YOUR INSTRUCTIONS: Your answer must be the exact lines from the one holding "Inktcartridge Canon PG-540" through the end of the entries, with no pictures.

● ● ● ● ●

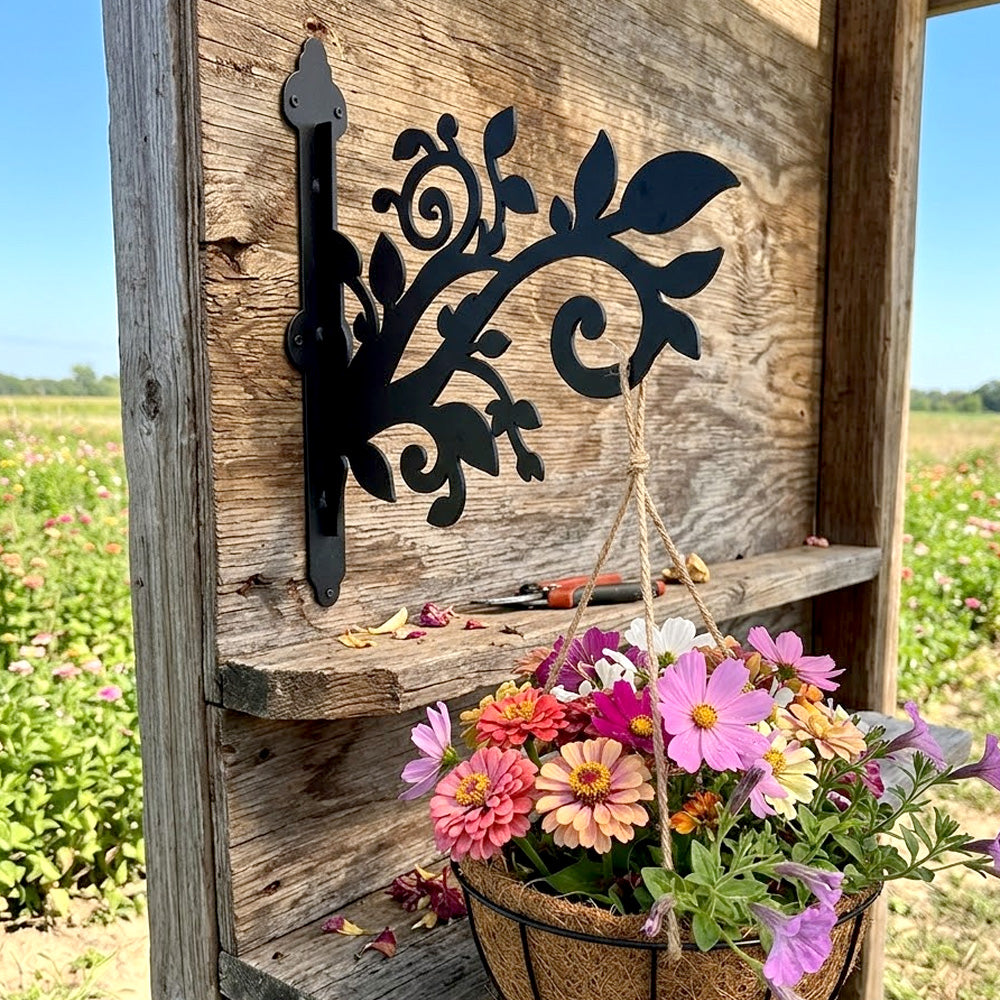 Classic scrollwork vines and leaves metal hanging basket bracket mounted on outdoor wall for plant decoration
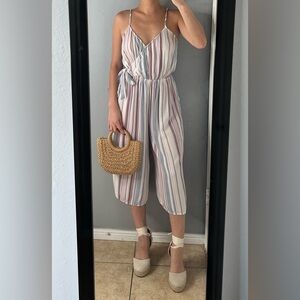 Striped culotte wide leg tiewaist jumpsuit M| coastal resortwear vacation travel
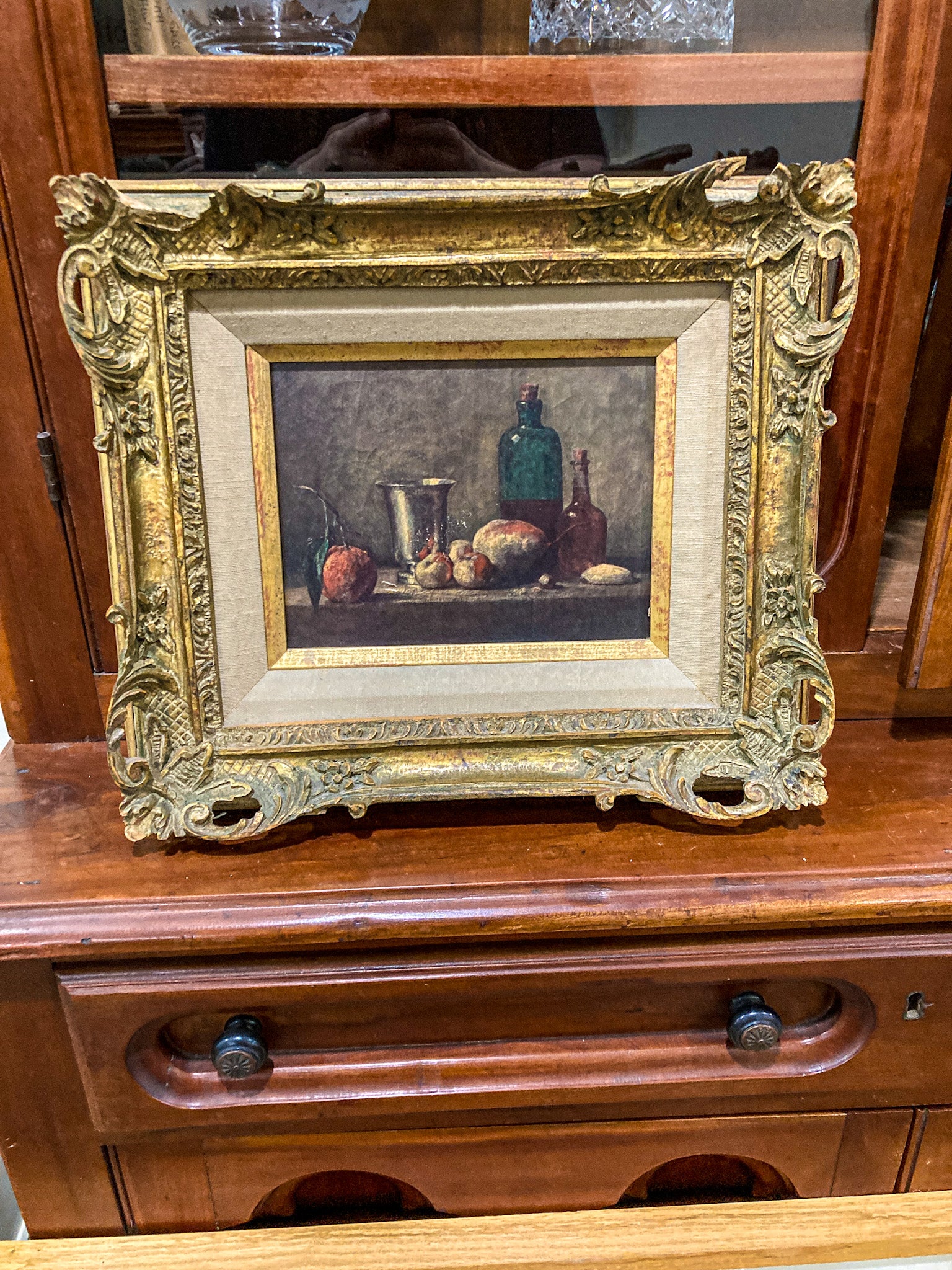 Reproduction 18th Century Jean Siméon Chardin Ornate Framed Goblets Still Life Print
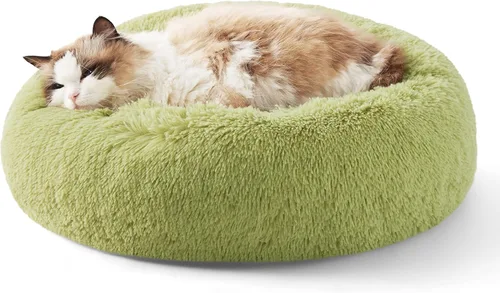 Miniatura 20 de Bedsure - Cama relajante para perro mediano, lavable, tipo dona, cama para gato, antideslizante, redonda, afelpada, mullida, de piel sintética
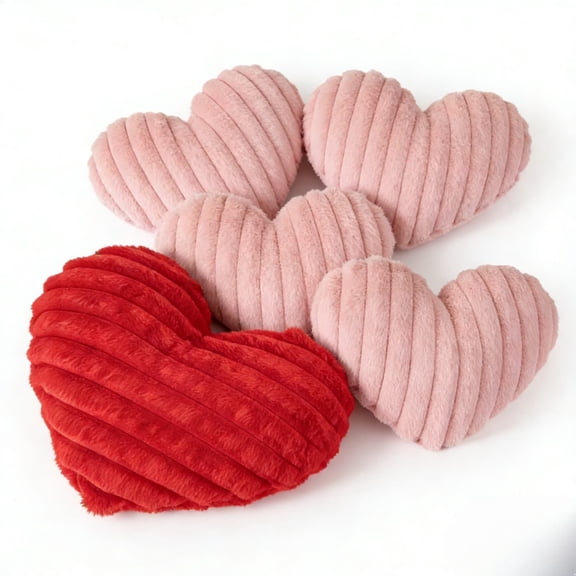 Heart-Shaped Pillow with Insert, Soft Plush Microfiber Cushion for Couch Bed Decor, Cozy Support for Lounging & Cuddling
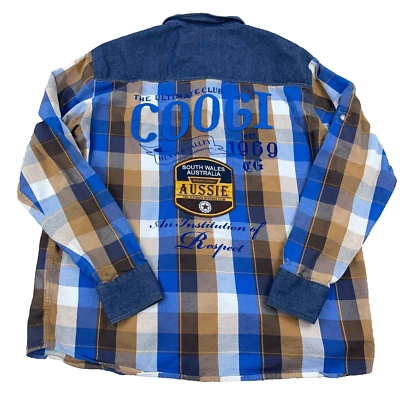 Camisa Coogi Hombres XXL 2XL Abotonada Club de Caza Denim Cuadros Vaquero Western Vintage * Foto 1 de 4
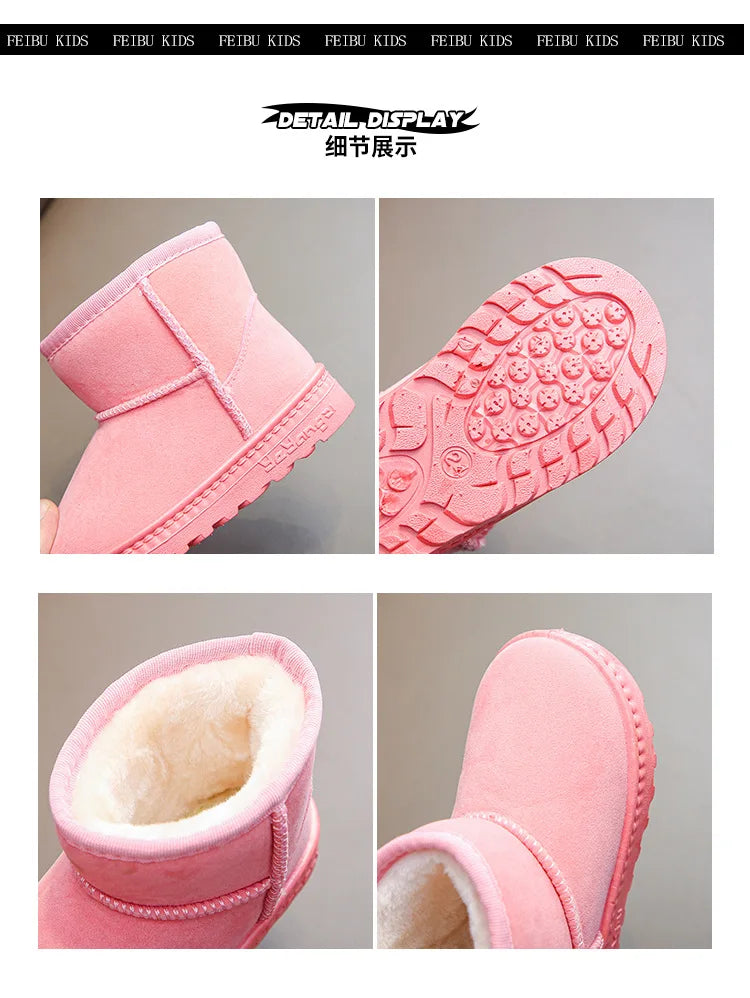Children Snow Boots Winter Cute Warm Fashion Anti Slip Shoes Kids Boys Girls Leisure Thick Fur Platform Flat Short Boot Sneakers kids_shoes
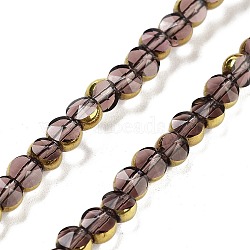 Electroplate Glass Beads Strands, Faceted, Flat Round, Saddle Brown, 4.5x3mm, Hole: 0.8mm, about 70pcs/strand, 11.38 inch(28.9cm)(EGLA-C005-03I)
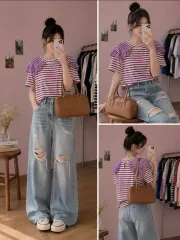 ボーダー柄 フリル Tシャツ PURPLE パープルのサムネイル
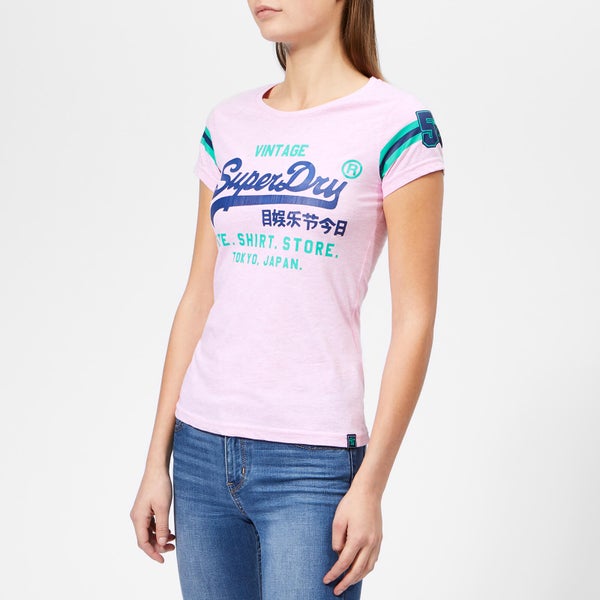 Superdry Women's Shirt Shop Varsity Entry T-Shirt - Pastel Pink Marl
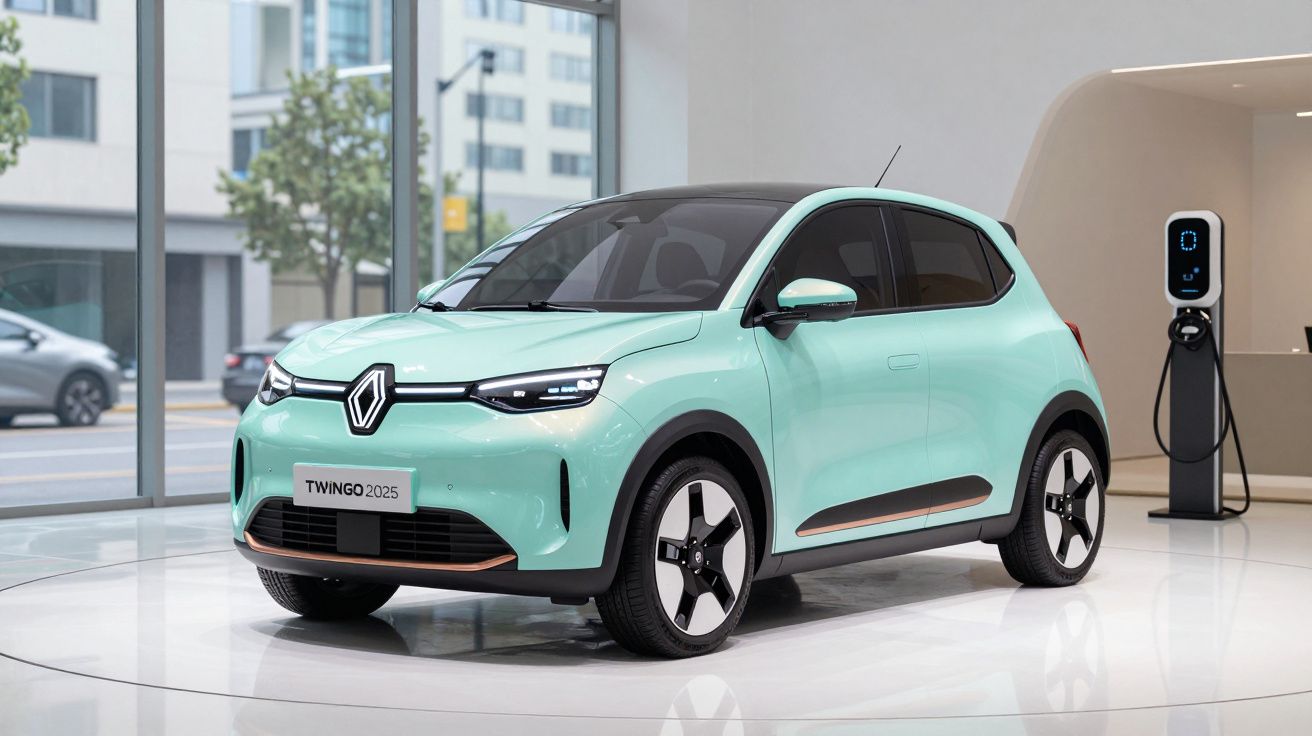 Automóvel elétrico Renault Twingo 2025 verde em exposição, com estação de carregamento elétrica ao fundo.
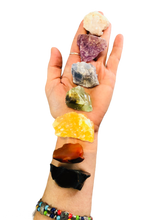 Load image into Gallery viewer, Chakra Rough Stone Set in pouch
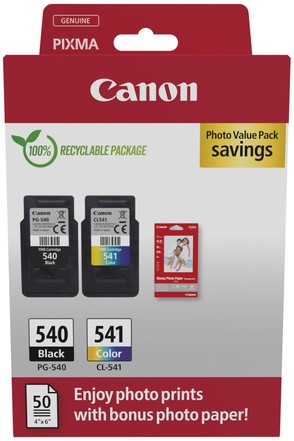 Inktcartridge Canon PG-540 CL-541 zw + kl + papier 2 Stuk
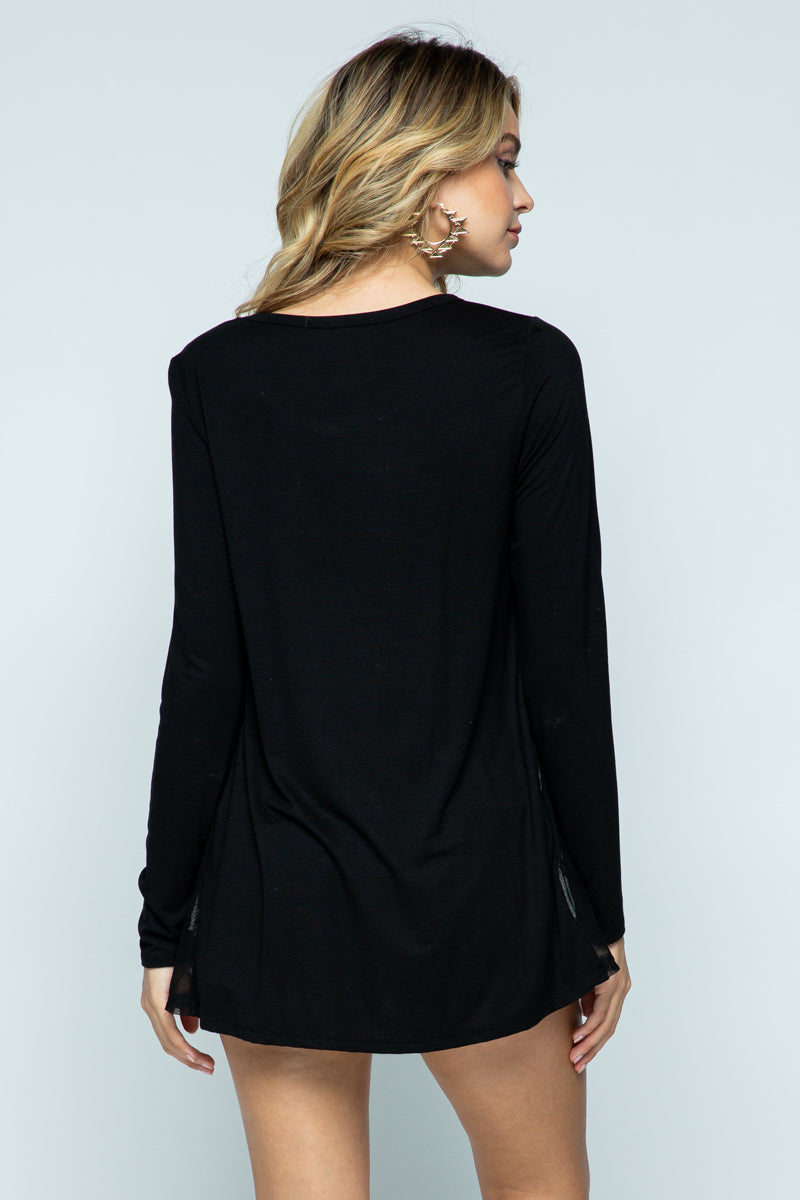 LS Top wStones Mesh Insert Blk 6070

● ● ● ● ●

TASK RESPONSE:
 Inktcartridge Canon PG-540 CL-541 zw + kl + papier 2 Stuk
 LS Top wStones Mesh Insert Blk 6070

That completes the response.